Another one: I wanted to please all my readers who asked me to merge two patterns in one. I did it and it had a ton of options: it was the first version of the Pleiades dress. I didn’t know anything about selling patterns then. So, for one, the pattern had so many pages I was losing money on the print version, and on the PDF version people would complain about having too many pages to print (while they didn’t realize they had two patterns for the price of one). Worse: I got mixed up in all these options, and discovered there was a mistake on the pattern one week after the launch (a skirt that didn’t go with one of the bodices). I had to send all customers an update, and I had a full stock of print papers I couldn’t sell. I had lost €700. Now I split the pattern back in two to be able to keep selling it.
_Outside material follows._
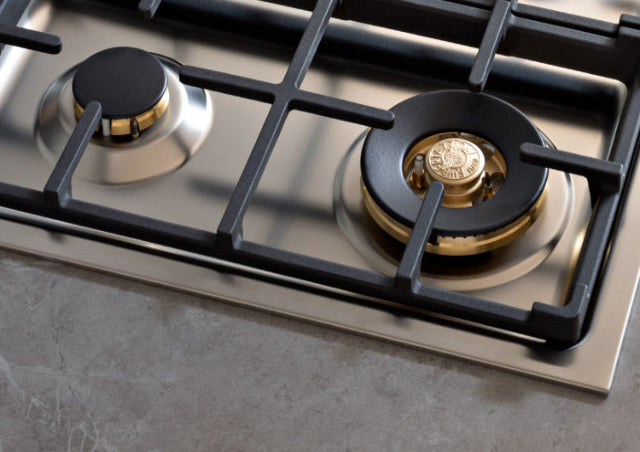 Bertazzoni Professional Series 30" Drop-In Cooktop: Gas - Stainless Steel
Name a book that you’ve recently read which inspired you and why?
A book by someone who became a friend. Knowing him and talking to him, asking him questions about what he wrote, helped me understand what was fiction versus what was real on what he had written. That way I got a glimpse of his whole creative process behind the book, which remains mysterious even to him. Far from breaking the magic about it, it made it even more interesting to me.
How important is social media to your business?
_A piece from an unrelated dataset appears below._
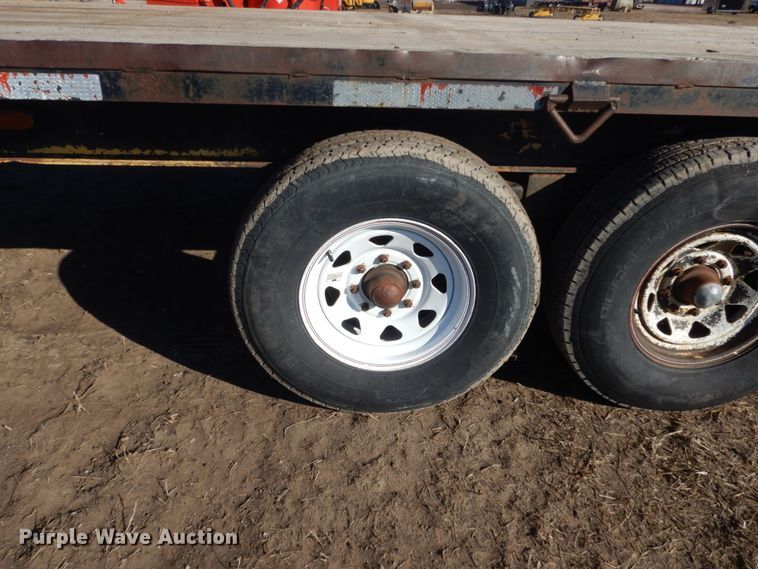 image for item HS9966 1999 Shop built equipment trailer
It was the beginning of everything! Still now Instagram is among my main sources of traffic.
What is something you do daily that helps you to stay grounded?
I sew! This even was the first reason I started sewing again as a young adult – it helped me clear my mind. Even the posture, eyes down on the fabric, gives me the reassuring feeling of making something concrete. Sewing is such a no-brainer: it is so easy to divide your project into smaller tasks to complete them one by one. I sometimes wish it were the same in my consulting job! Wait no I don’t, that would be boring in that specific field… Ahh always that dichotomy!
What is the best and the hardest part about being your own boss?
I don’t see it like that as it is a part-time occupation. But precisely, the fact that I am not a full-time pattern designer is hard, because people are not aware of this and seem to think I am some big company with tons of experience… For example, I get many messages from US customers asking me to make larger sizes. The truth is I would love to, but I never made a plus-size garment before (it is not common in France) and I would have no way of ensuring it would fit (I don’t know how others do, but I couldn’t make a good pattern without having the person in front of me to do a proper fitting). There are some choices I can’t make without quitting my job and that is not an option to me.
What does success mean to you?
Ahh, such a good question. I never asked myself that. I’m thinking there are two parts in my definition of success: one is about me and the other is about the others.
So first, to me success is to reach excellence by my own standards: obtaining results that can always be improved but they have to be the best I can think of at a given moment. Then when I finish a day of really hard work I can sit back and drink that glass of champagne!
And the second part is about love. We all have our insecurities. One of mine is a shaky self-confidence that keeps me going, half stumbling half running. When I get mean or angry comments (believe me sometimes I do… girls I can’t make a pattern that fits all shoulder shapes and all torso heights and all tastes, that is just not possible) I feel how deeply fragile I am, and that is a risk of this relative public exposure on social media. But when I get nice comments from customers (and there are so so so many more) I am so deeply moved it could keep me going forever.